Performance consistency tells us a lot about the architecture of these SSDs and how they handle internal defragmentation. The reason we don’t have consistent IO latency with SSD is because inevitably all controllers have to do some amount of defragmentation or garbage collection in order to continue operating at high speeds. When and how an SSD decides to run its defrag or cleanup routines directly impacts the user experience as inconsistent performance results in application slowdowns.

To test IO consistency, we fill a secure erased SSD with sequential data to ensure that all user accessible LBAs have data associated with them. Next we kick off a 4KB random write workload across all LBAs at a queue depth of 32 using incompressible data. The test is run for just over half an hour and we record instantaneous IOPS every second.

We are also testing drives with added over-provisioning by limiting the LBA range. This gives us a look into the drive’s behavior with varying levels of empty space, which is frankly a more realistic approach for client workloads.

Each of the three graphs has its own purpose. The first one is of the whole duration of the test in log scale. The second and third one zoom into the beginning of steady-state operation (t=1400s) but on different scales: the second one uses log scale for easy comparison whereas the third one uses linear scale for better visualization of differences between drives. Click the buttons below each graph to switch the source data.

For more detailed description of the test and why performance consistency matters, read our original Intel SSD DC S3700 article.

  Samsung SSD 850 Pro Samsung SSD 840 Pro SanDisk Extreme Pro Intel SSD 730 OCZ Vector 150
7% Over-Provisioning - - -
12% Over-Provisioning
25% Over-Provisioning

Wow, this is awesome. Even with the default 7% over-provisioning, the 850 Pro is pushing almost as many IOPS as the Extreme Pro with its 12% over-provisioning. When the over-provisioning is increased to the same 12% level, the 850 Pro is a leader without a doubt. Only the Vector 150 can come close, although it is nowhere hear as constant as the IOPS is ranging between 10K and 30K, whereas the 850 Pro can maintain a steady line.

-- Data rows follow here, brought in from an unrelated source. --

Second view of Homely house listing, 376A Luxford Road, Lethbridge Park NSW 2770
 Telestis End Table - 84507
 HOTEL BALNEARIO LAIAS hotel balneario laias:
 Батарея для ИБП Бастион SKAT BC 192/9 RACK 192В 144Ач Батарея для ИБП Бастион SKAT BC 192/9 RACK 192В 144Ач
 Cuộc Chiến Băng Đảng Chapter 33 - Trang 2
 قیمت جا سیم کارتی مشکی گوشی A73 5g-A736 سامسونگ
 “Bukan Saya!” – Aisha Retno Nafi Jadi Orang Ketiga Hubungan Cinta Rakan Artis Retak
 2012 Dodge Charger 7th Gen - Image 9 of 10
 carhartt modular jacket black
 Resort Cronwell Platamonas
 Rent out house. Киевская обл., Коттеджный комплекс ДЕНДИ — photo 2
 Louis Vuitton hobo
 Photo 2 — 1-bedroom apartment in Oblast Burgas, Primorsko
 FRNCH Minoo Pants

When compared with the 840 Pro, the upgrade is tremendous. IO consistency was always the weak point of the 840 Pro, so it is great to see that Samsung has paid a great effort to fix that in the 850 Pro. A part of the performance increase obviously comes from the usage of V-NAND because with shorter program and erase latencies, the steady-state performance increases as the garbage collection takes less time and there are more empty blocks available.

Some of you may wonder the odd capacities at 25% over-provisioning but the reason is that I noticed an error in the old ones. Basically, the old 25% numbers were in gibibytes (i.e. 1024^3 bytes) whereas the other capacities have always been in gigabytes (1000^3 bytes). I decided to unify the capacities and now they are all reported in gigabytes. The actual testing or over-provisioning levels have not changes -- it is simply a matter of how the capacities are represented.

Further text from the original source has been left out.